::: Data shown :::

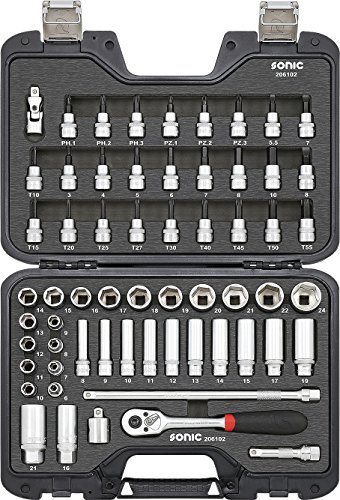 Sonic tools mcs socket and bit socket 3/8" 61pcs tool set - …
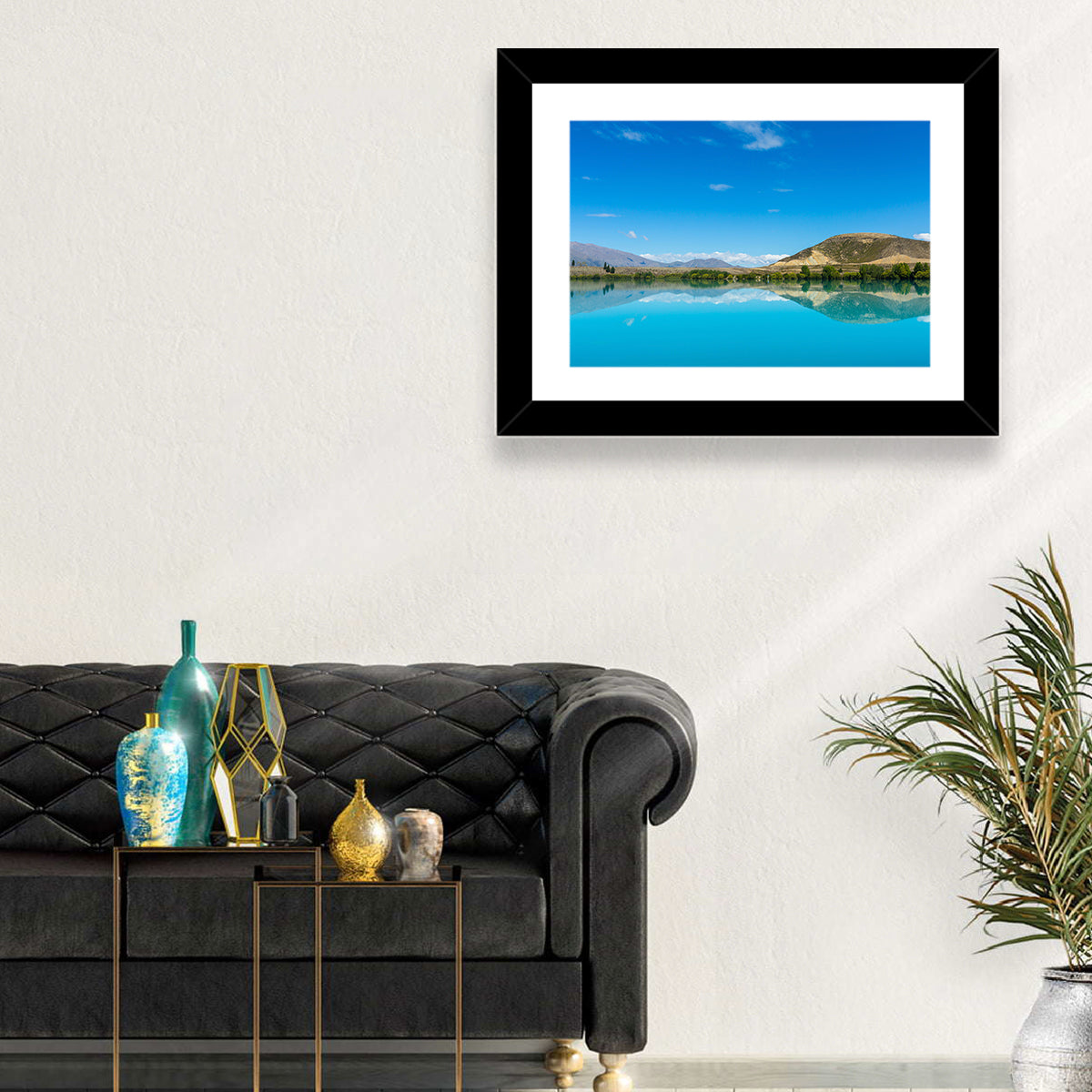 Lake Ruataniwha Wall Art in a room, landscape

:::
::: Data shown :::

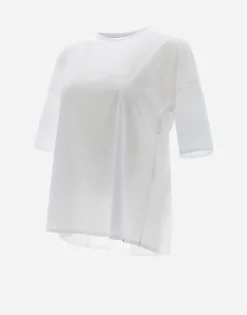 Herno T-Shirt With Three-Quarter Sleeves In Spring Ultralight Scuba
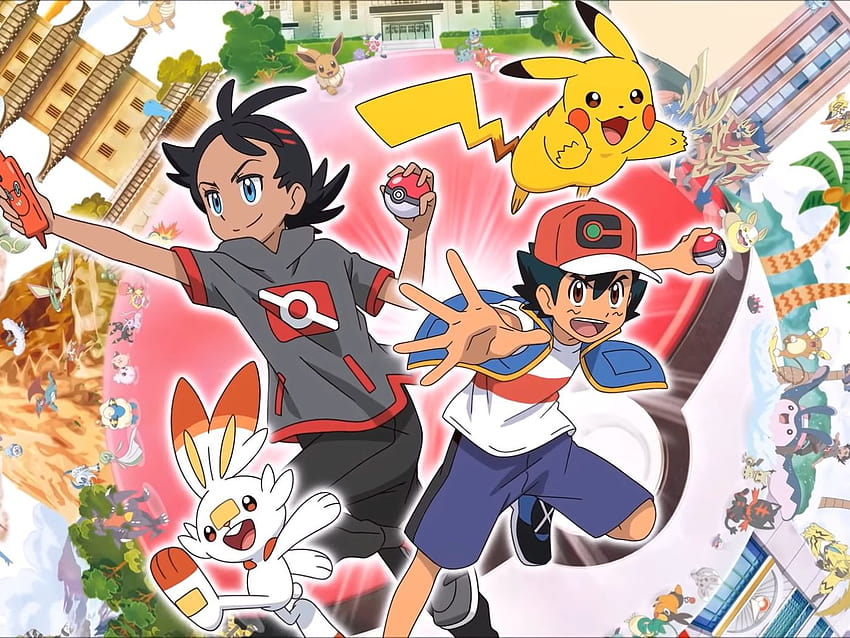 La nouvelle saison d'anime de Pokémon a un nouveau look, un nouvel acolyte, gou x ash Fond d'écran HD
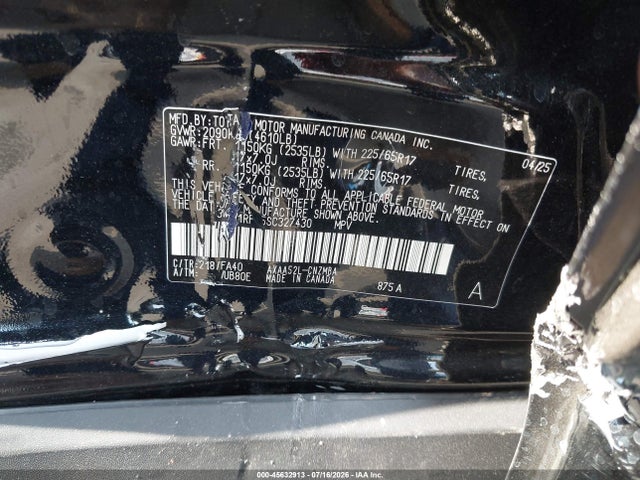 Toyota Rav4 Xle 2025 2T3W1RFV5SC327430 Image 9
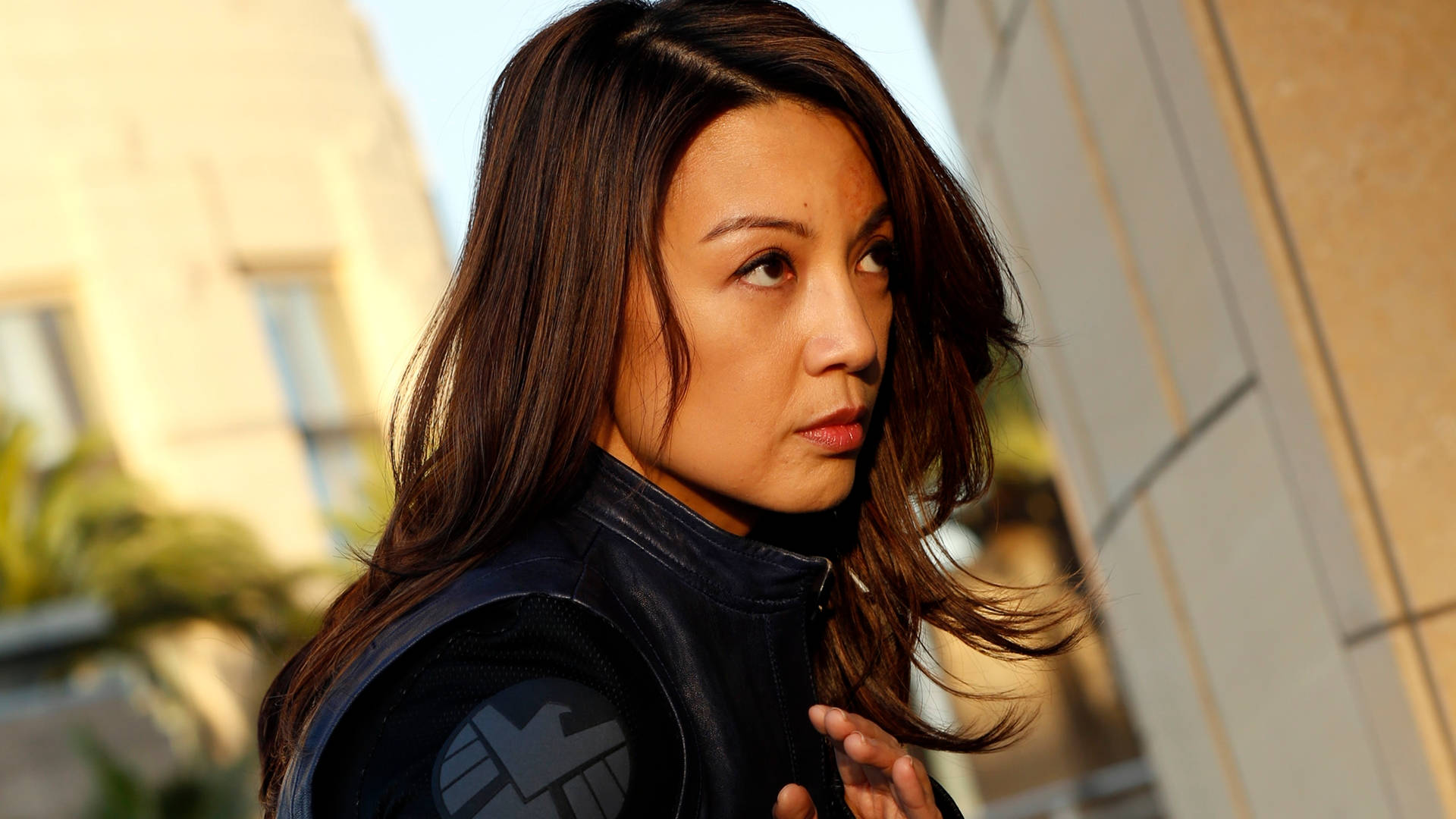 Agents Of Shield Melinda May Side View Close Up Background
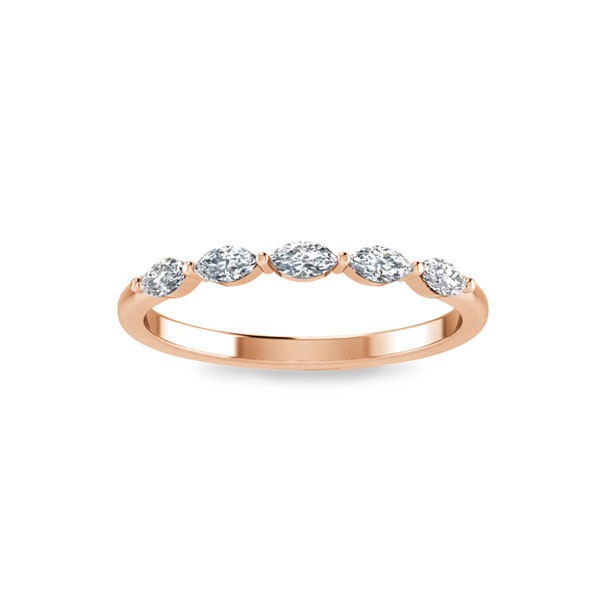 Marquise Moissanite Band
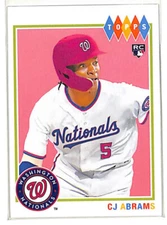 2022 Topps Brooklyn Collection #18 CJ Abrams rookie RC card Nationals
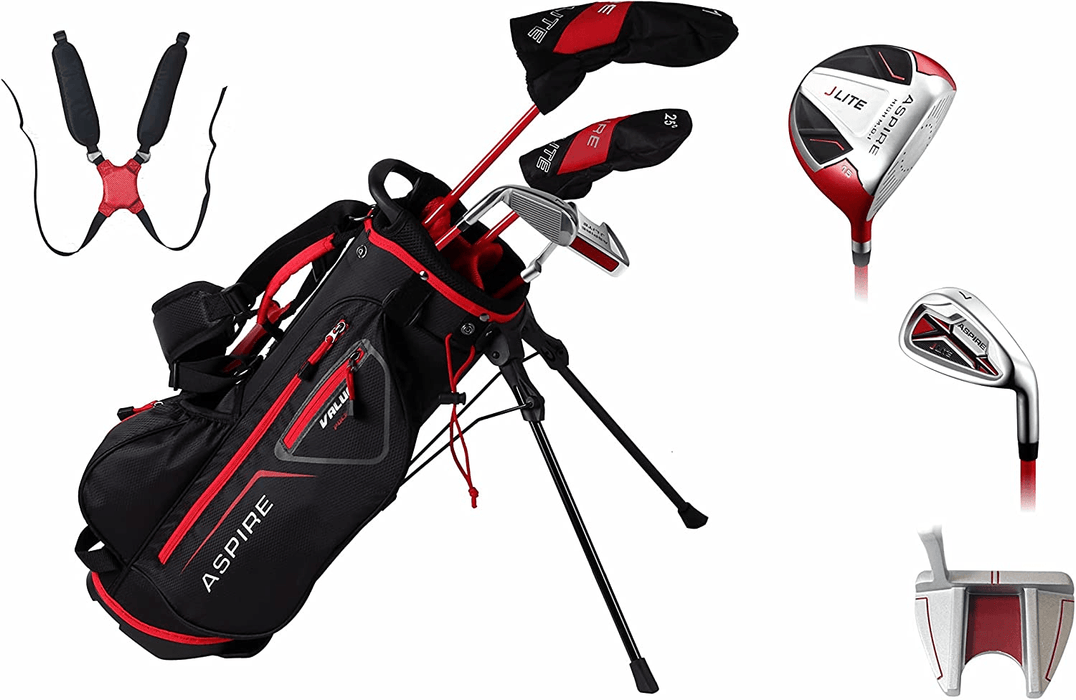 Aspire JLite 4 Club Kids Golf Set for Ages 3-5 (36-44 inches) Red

:::
::: Data shown :::

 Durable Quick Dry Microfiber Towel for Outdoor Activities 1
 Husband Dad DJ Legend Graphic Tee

:::

### Your instructions
In the entries above, find the line containing "Sonic tools mcs" and the line containing "Lake Ruataniwha Wall"; give again exactly those two lines and every line between them, minus the pictures.

### Task output
 Sonic tools mcs socket and bit socket 3/8" 61pcs tool set - …
 Lake Ruataniwha Wall Art in a room, landscape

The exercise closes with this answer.